La question est ingénue, - paraît l’être - mais dès qu’on y songe (aurait-on intérêt à n’y point songer ?), elle devient joyeusement dérangeante – du genre de celle qui troubla la nuit du Capitaine Haddock (vous vous souvenez ?) : au-dessus ou au-dessous du drap, la barbe ? « Mais pourquoi ils vont à la ligne ? » Et c’est Patrick Argenté qui s’en est fait l’écho, dans des pages inédites de réflexions qu’il me fait parvenir, lui qui, - on a pu le constater dans de récents Choix de Décharge - va à la ligne sans rechigner :
Appareillage
Te prendre par la taille aurait suffi au jour
à sa lumière et à son sable
à la prise de bec des estuaires
les dieux marchent sur l’eau se prennent
pour marsouins les poissons croisent
dans tes cils leur destin muré
les main doucement se posent sur la marée
soulève le nez les algues et le bord enlisé
de la cale et du passeur
sur ta cuisse et ton bras le jour
aura jeté ses amarres à la mer et je respire
sur le soleil de ton ventre
(in Décharge 152)
La question du vers est une question délicate, qui de longue date empêche les poètes de dormir, - à commencer par Mallarmé tombant du lit un matin de 1886 : « On a touché au vers ! », - sur laquelle volontiers ils s’empoignent. Nous sommes loin, sans aucun doute, de l’illusion des commencements, lors qu’à la sortie de réunions publiques réunissant symbolistes et anarchistes, on se quittait aux cris de Vive l’anarchie, vive le vers libre ; mais faut-il pour autant en venir à partager le point de vue de Jacques Roubaud, faire du vers libre, définitivement dégradé en vers standard (ou pire, en vers international libre), le représentant du conformisme poétique ?
A son tour, Patrick Argenté lève le lièvre, interroge – et d’abord s’interroge, à partir de sa propre expérience d’écriture.

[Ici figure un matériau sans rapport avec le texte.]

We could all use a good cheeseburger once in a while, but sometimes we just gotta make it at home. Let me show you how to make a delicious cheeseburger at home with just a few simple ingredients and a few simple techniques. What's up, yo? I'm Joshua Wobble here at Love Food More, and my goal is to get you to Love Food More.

Son mérite est de relancer le débat, tout en se tenant à distance du théorisme ou de la polémique, sur un mode qu’on peut juger mineur, pas très loin du point de vue de l’éberlué découvrant l’évidence. Le poète aujourd’hui, il est vrai, tend à écrire d’abord, spontanément, en ce vers irrégulier et non rimé, comme si ce vers qu’on dit libre, était la langue naturelle de la poésie, - ce qu’il est peut-être devenu. Il est bon toujours de s’étonner, surtout d’un geste machinal, voire de s’en inquiéter, de chercher à tirer l’affaire au clair, attitude on ne peut plus louable de l’artisan interrogeant ses outils et sa pratique quotidienne.

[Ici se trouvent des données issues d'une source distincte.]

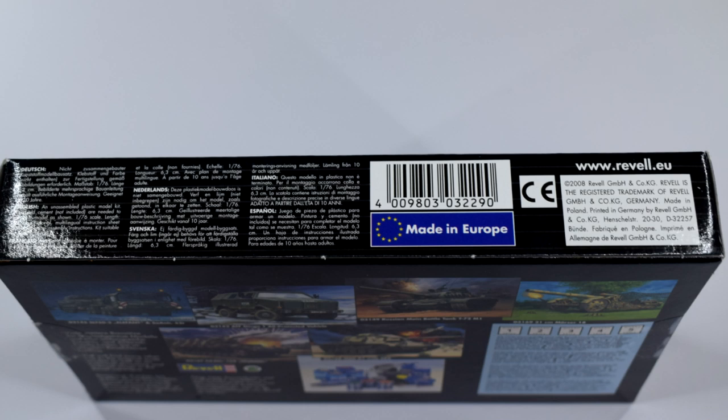The ends of the box feature the same image from the front and also the skill number, which is a skill number 3. I find that Revell's skill numbers have to be taken with a pinch of salt because they don't necessarily correspond to how difficult the kit is to build, but more so the number of parts inside the kit — something like 10 to 20 parts is skill level 1, up to about 50 is skill level 2, 50 onwards is 3, over 100 is 4.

Bref, cette approche m’a paru suffisamment pertinente pour orienter les prochaines Ruminations (Décharge 160, en décembre 2013), où quelques autres poètes viendront à leur tour essayer de s’expliquer sur leur pratique. A l’évidence, la question ne sera pas close, et je me réjouirais qu’à la suite d’autres voix s’en mêlent (avis !) …

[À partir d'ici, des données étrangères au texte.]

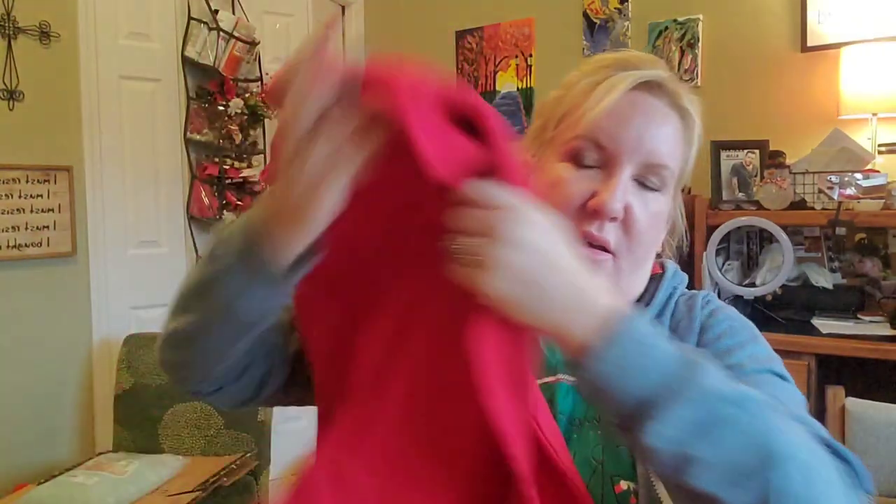I just got a cheap Hanes sweatshirt - you can see it's not ironed, I don't care. It was $10.88 on Amazon. I got a medium so it'd be a little baggier. I'm doing it in red - you can do it in green, whatever color you want. I have black felt from the Crafter's Square at Dollar Tree, which is a good amount.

Repères : Le dossier, ouvert par la réflexion de Patrick Argenté, sera publié dans Décharge 160, en décembre prochain. Contributions de Florence Saint-Roch, Claudine Bohi, Laurent Deheppe et Grégoire Damon.
Patrick Argenté est l’auteur de 6 recueils aux éditions La Part commune, Manoirante et Jacques André, où est paru son dernier recueil : Côté fenêtre, en 2012. A paraître, chez le même éditeur : Tout ton cinéma (2014).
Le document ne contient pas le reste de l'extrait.